Ses camarades tombés ont été intégrés dans la Légion d’honneur, c’est bien mais c’est une légion de l’au-delà et il est à craindre qu’ils ne la portent pas sur eux. Surtout, pourquoi avoir séparé alors les frères d’armes dans la reconnaissance et accordé moins à celui qui a survécu. Combien d’années de souffrance faut-il pour équivaloir à la mort ?
Pour l’instant cela fait huit ans et il est hélas probable qu’il n’y en ait pas beaucoup d’autres. N’est-il pas temps avant qu’il ne soit trop tard de faire enfin un geste ? Le caporal-chef Liber a reçu la Médaille militaire, c'est très bien. Il aurait été officier, il aurait reçu la Légion d'honneur. N'aurait-ce pourtant pas été la même chair qui aurait été meurtrie ? Il est temps aussi de mettre fin aussi à cette distinction qui date de la Restauration. La Légion d'honneur est aussi un ordre censé regrouper les citoyens ayant fait preuve de mérites éminents.

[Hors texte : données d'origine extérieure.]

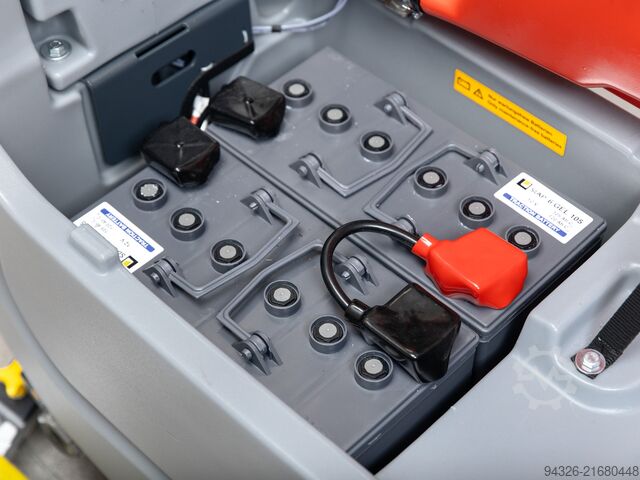 SZOROWARKA HAKO B45 CL NOWE BATERIE Hako Scrubmaster B45 CL TB510 - 2021y- 154h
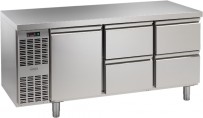 Kühltisch, 3 Abteile, steckerfertig, mit 1 Tür, 4 Schubladen 1/2 Korpushöhe: 650 mm, Tiefe: 700 mm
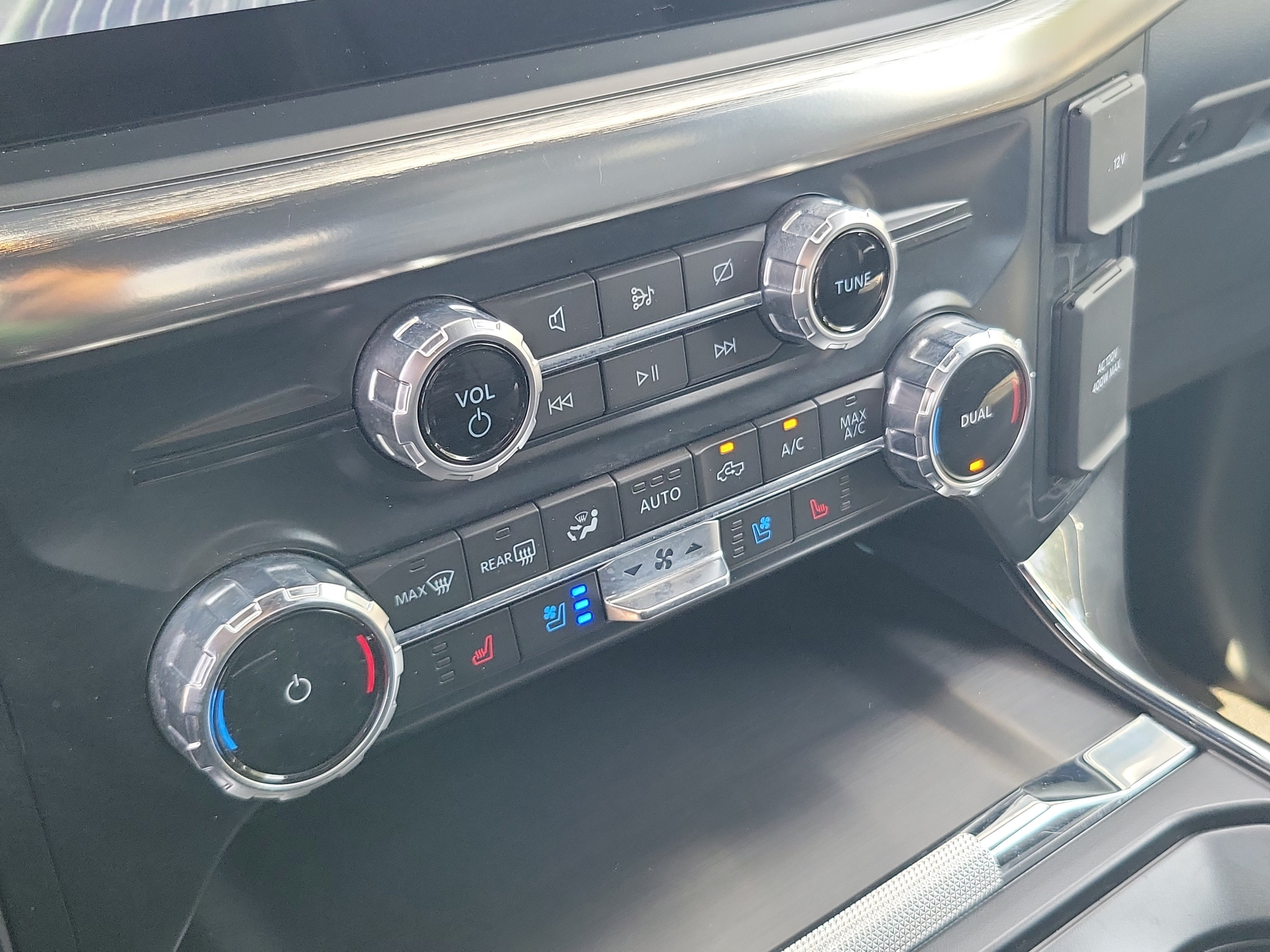 Certified 2023 Ford F150 Lariat AWD/4WD image 24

Les mérites sont-ils moins éminents lorsqu'ils sont le fait de militaires du rang ou de sous-officiers ? 
La demande d’attribution de la Légion d’honneur a été faite par la députée de Guadeloupe, cette demande est suivie « avec bienveillance » par madame la ministre des Outre-Mer…depuis un an. Mon grand-père, lui aussi blessé au service de la France en 1918 l’avait reçu quelques semaines plus tard, le temps de terminer les combats en cours. Notre Etat fonctionne-t-il plus mal qu’en 1918 ? Sommes-nous plus insensibles qu’à cette époque ? Il est temps d’être juste.